La fluctuación en el vínculo, como cualquier relación de amistad con máximos y mínimos de contacto, toca techo el día que Aitor es informado de la detención de Asier en Francia. Según la carta que recibe Aitor, Asier narra una serie de hechos fortuitos que, tras declararse públicamente insumiso en España, le obligan a marcharse a Francia, donde acaba siendo relacionado con ETA. La supuesta ligazón le cuesta ocho años de prisión. Los encuentros ahora quedan marcados por los tempos pautados de visitas en la cárcel de Paris, además del correo tradicional. Y todo esto como parte de una minuciosa contextualización del film que no solo abarca las vidas de los protagonistas sino que, brillantemente, reproduce el clima asfixiante de las diferentes fases de una España reciente marcada a fuego por el terrorismo. La verdadera intención de Asier y yo se exterioriza una vez Asier ha cumplido la condena y vuelve a su pueblo para continuar con su vida.
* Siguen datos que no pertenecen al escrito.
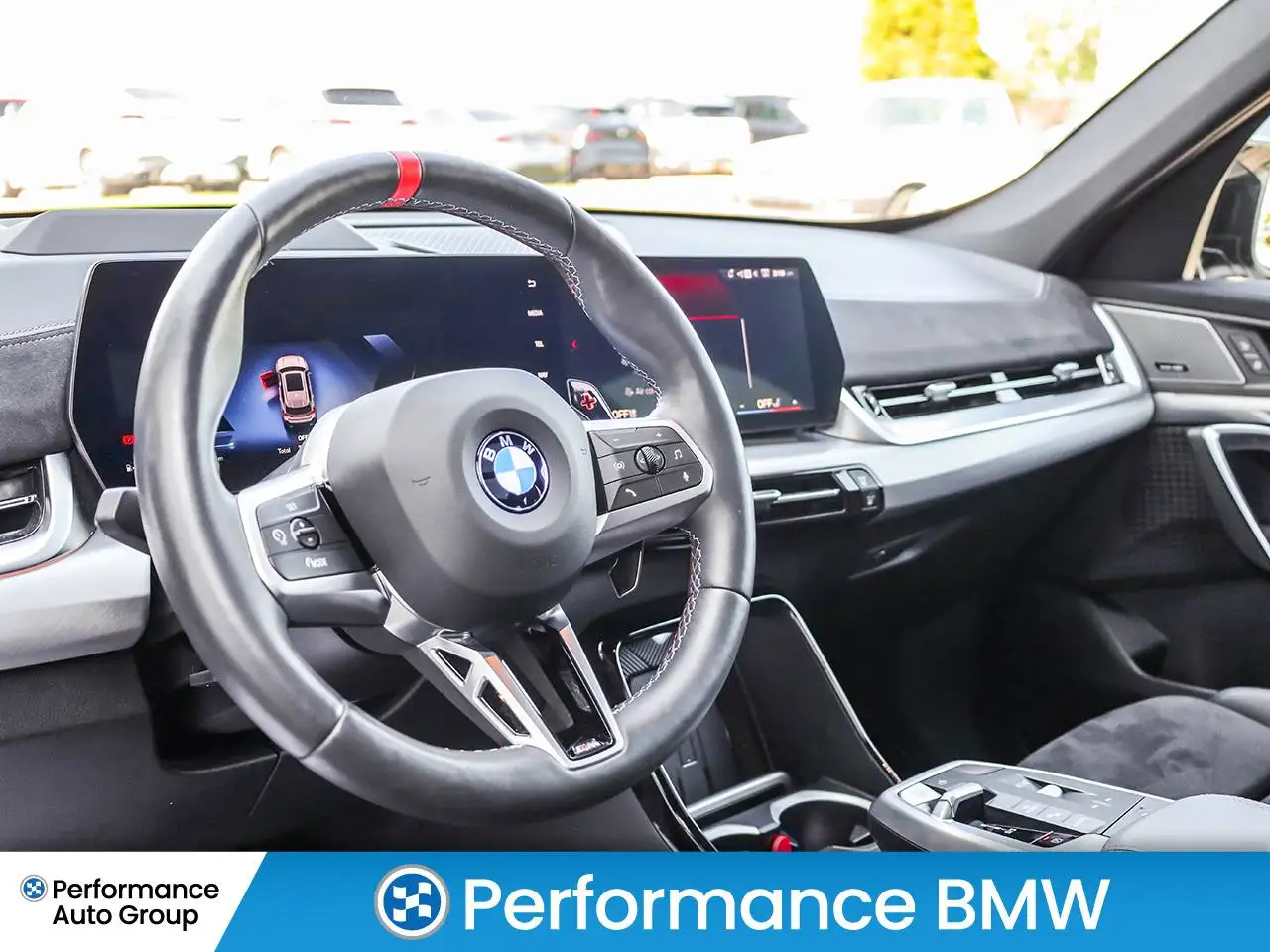 BMW X1 - Image 13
Y si hasta ahora el MacGuffin lo encarnó el deseo de Aitor por plasmar en un vídeo la cara más amable de Asier con el objetivo de acercar posturas entre él y sus amigos de Madrid, en la segunda mitad, la lucha interna de Aitor se convierte en el gancho propulsor del film. La duda sobre si Asier forma o formó parte de ETA planea constantemente sobre la cabeza de Aitor sin que éste sea capaz de formular la pregunta directamente. No obstante, en cierta medida, los pequeños detalles despejan las incógnitas sin dejar el peso en una respuesta, motivo que podrá cabrear a muchos porque Asier y yo rechaza acudir al blanco o al negro, y se aloja en el espectro de grises. Así, en el entorno de Asier, su madre, representada como Atlas, con una gigantesca carga a sus espaldas, no comulga con la visión de su hijo sobre la lucha por la independencia, al contrario que el pueblo en el que viven, donde Asier es recibido como un héroe de guerra, un mártir que entregó ocho años de su vida a la causa.
Aitor se debate entre el afecto y el rechazo. Le escama la idea de que el amigo de su infancia pertenezca a una banda que se dedicaba a matar gente por el hecho de pensar diferente. Se cuestiona la posibilidad de mantener, o no, su amistad en el caso de confirmar sus sospechas, y la derivada controversia de sentirse cómplice de los actos de alguien al que ha acogido como amigo. En una de las charlas en el bosque, el director intenta colocar las trampas para conducir la conversación hacia la resolución de alguna duda, pero lejos de eso, Asier muestra una falta de autocrítica, un escaso cuestionamiento sobre la doctrina de sangre, ésa que parece justificar. No hay redención. Y esto puede ser el móvil que cause el rechazo frontal con el público más sensiblero que acuda a la sala en busca de un reforzamiento positivo a su teoría preconcebida. Aquella que pensaron por él. No solo la dureza y la obligada reflexión asusta al público, también la distribución, al menos en Madrid, ha girado la cara a la valentía de Aitor Merino por hablar sin tapujos sobre la herida de muerte de la sociedad española, posicionándose con su silencio ante un tema extremadamente delicado del que solo podrían emitir un juicio concluyente aquellos que están inmersos en el conflicto día a día.